New psychoactive substances have been a challenge for existing drugs legislation in the UK; they are developed at such a speed that by the time one substances is controlled, another one with a slight change in chemical structure can take its place in the market. There have been some developments to attempt to improve control of these substances, such as temporary class drug orders which allow the 12 month temporary control of a substance.

In 2014, the Home Office appointed an expert panel to look at legislative options to better tackle new psychoactive substances. The expert panel looked at international examples on this and recommended that a blanket ban approach, similar to that in place in the Republic of Ireland, would be the best framework. The Government response to the review said that they would take the recommendations forward. The Conservative manifesto prior to the 2015 election included a commitment to bring forward a blanket ban on new psychoactive substances.

Summary of the Bill

Clause 1 provides an overview of the content of the Bill

Clause 2 defines the meaning of psychoactive substance under the Bill

Clause 3 provides regulation making powers for the Secretary of state to add substances to a list of exempted substances under the Bill in Schedule 1

Clauses 4-10 provide for four offences under the Bill: producing; supplying or offering to supply; possession with an intent to supply; and importing/exporting a psychoactive substance. This section also outlines the penalties for these offences and provides three aggravating factors for the offence. These are: that the offence took place in the vicinity of a school; a person under the age of 18 was used to deliver the substances; or the offence took place in a prison. There is also a regulation making power under Clause 10 for the Secretary of State to add activities that would normally be caught by the Bill to an exempted list.

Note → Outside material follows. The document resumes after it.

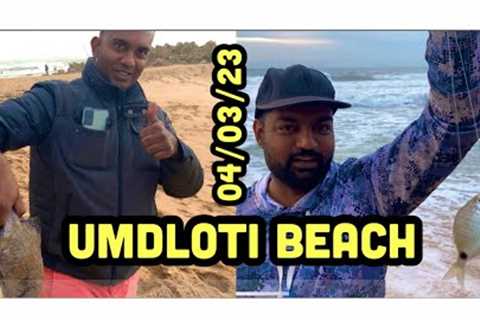 Umdloti Beach Fishing Durban South Africa 04 Mar 2023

Clauses 11-34 provide powers for dealing with prohibited activities under the Bill. There are four civil sanctions, prohibition notices, premises notices, prohibition orders, and premises orders. The breach of an order will be a criminal offence.

Clauses 35-47 outline the powers to stop and search, and of entry and seizure.

Clauses 48-53 provide details on the rentention and disposal of seized goods under the Bill.

Clauses 54-62 contain final and consequential provisions. The Bill extends to England, Wales, Scotland and Northern Ireland.

Detailed explanatory notes to the Bill have been published, and links to the debate on the Lords stages of the Bill can be accessed via the Parliament Psychoactive Substances Bill 2015 Bill page.